Shell wil dichterbij de locatie waar een onderdeel nodig is gaan produceren. Krijgen de boorplatformen straks 3D metaalprinters?

Dele van data versnelt kwalificatie

Gebruikers en aanbieders van AM-technologie moeten samenwerken aan gemeenschappelijke doelen hoe de techniek te gebruiken. Ook het delen van data kan hieraan bijdragen. Het gaat dan met name om standaardisatie en kwalificatie. Goh ziet kansen in het digitaliseren van de spare part business. Dankzij digitalisering en additive manufacturing kan Shell de carbon footprint verkleinen. Het energieconcern denkt concreet om onderdelen dichter bij de eindgebruiker te produceren, minder fysieke voorraden aan te houden en duurzamer om te gaan met grondstoffen. Dat laatste kan een extra impuls krijgen als Shell additive manufacturing inzet voor het herstellen van onderdelen in plaats van ze te vervangen door nieuwe.

Samen met Fraunhofer heeft FCA Group deze combinatie van wielophanging en remsysteem ontwikkeld voor additive manufacturing.

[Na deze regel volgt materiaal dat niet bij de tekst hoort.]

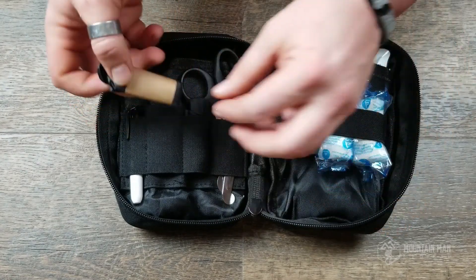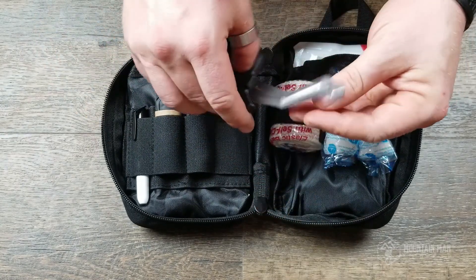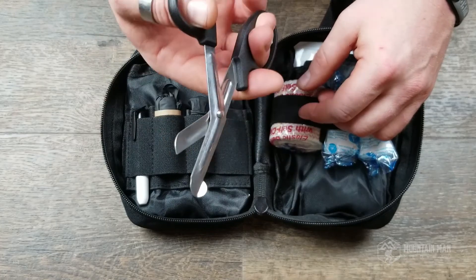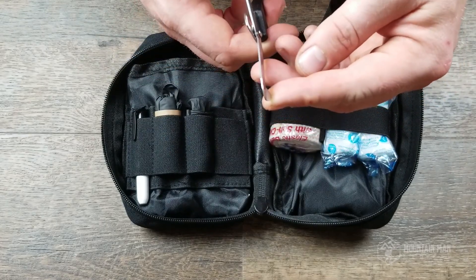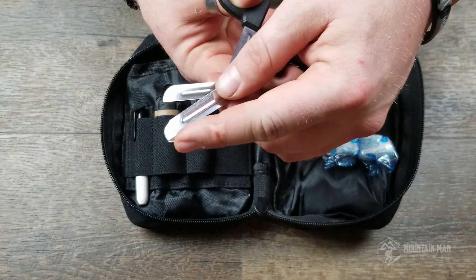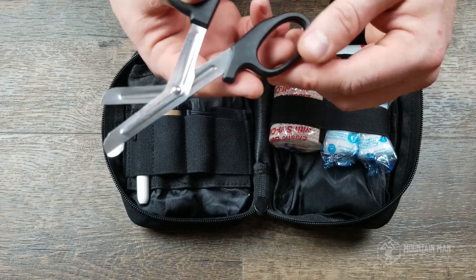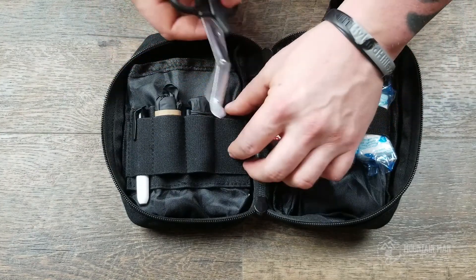The two pairs of gloves also mean that if you've got someone helping you out and they need gloves as well, you've got a pair for them. Also included are trauma shears — I've used these, they work. You can zip off somebody's clothes in no time at all. It's got a blunt end so you can just run it down their leg and cut through clothing quickly.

Automobielsector nog niet klaar voor decentrale productie

Het gebrek aan standaarden en betrouwbaarheid speelt ook in de automobielindustrie, bleek tijdens de conferentie uit de presentatie van Roberta Sampiere, die bij Fiat Chrysler Automotive (FCA Group) de AM-activiteiten leidt. Ook zij zegt dat kwalificatie van het 3D printproces en kwaliteitsborging van de onderdelen de toepassing van additive manufacturing kan versnellen. “De grote uitdaging is vertrouwen kweken”, aldus Roberta Sampiere. “Als we onderdelen maken, moeten we zeker weten dat de kwaliteit goed is.” Zij leidt het wereldwijde AM center van de FCA Group en werkt met haar team vooral aan het vergroten van het bewustzijn bij de rest van de automobielgroep. Production on demand ziet zij als een kans om het werkkapitaal te verminderen. Ook de logistieke impact kan verkleind worden. Roberta Sampiere denkt echter niet dat de automobielindustrie al toe is aan decentrale productie, iets dat wel in de toekomst mogelijk zal zijn.

De Europese richtlijn voor reparaties kan een stimulans zijn voor lokaal herstellen van versleten onderdelen

Binnen 5 tot 10 jaar supply chains digitaliseren

Wie overtuigd is dat decentrale productie de komende vijf tot tien jaar gaat doorbreken, is Paul Heiden, Chief Product Officer bij de Nederlandse desktopprinterfabrikant Ultimaker. “Als je onderdelen kunt 3D printen, ben je in staat je supply chain te digitaliseren. Zodra je digitale onderdelen hebt, kun je deze naar de locatie sturen waar ze nodig zijn om daar te printen.” Als er iets is dat invloed gaat krijgen op de positie van bedrijven, het milieu en het materiaalverbruik, dan is het dit wel, aldus Paul Heiden die eind dit jaar na vijf jaar vertrekt bij Ultimaker. De huidige aanpak, materialen naar fabrieken brengen, massaproductie van onderdelen om daar magazijnen mee te vullen, zal kantelen,  verwacht hij. Voor veel onderdelen zijn al deze fysieke bewegingen overbodig. De echte gamechanger zal in zijn visie zijn als je met 3D printen versleten onderdelen lokaal gaat herstellen. De Europese richtlijn voor reparaties, waarin op Europees vlak wordt gewerkt, kan dan ook een belangrijke stimulans voor de sector worden.

Europese parlementsleden

Aan de AM conferentie van CECIMO werd ook deelgenomen door die leden van het Europees Parlement: Susana Solis Perez, Michael Bloss en Christopher Grudler. Susana Solis Perez pleitte onder andere voor samenwerking om de belemmeringen voor AM weg te nemen. Michael Bloss vindt dat de Europese industriepolitiek over een andere boeg moet: “We moeten heroverwegen hoe we omgaan met industrieën die te maken hebben met een industriële omgeving waarin onder andere China in veel sectoren leidend wil worden.” De recente plannen van de Europese Commissie voor een nieuwe industriestrategie gaan wat Bloss betreft niet ver genoeg. Christopher Grudler pleit voor een sterke investeringsstrategie, onder andere gericht op het MKB en startups. “Geef ze de middelen om te groeien en de concurrentie aan te gaan.”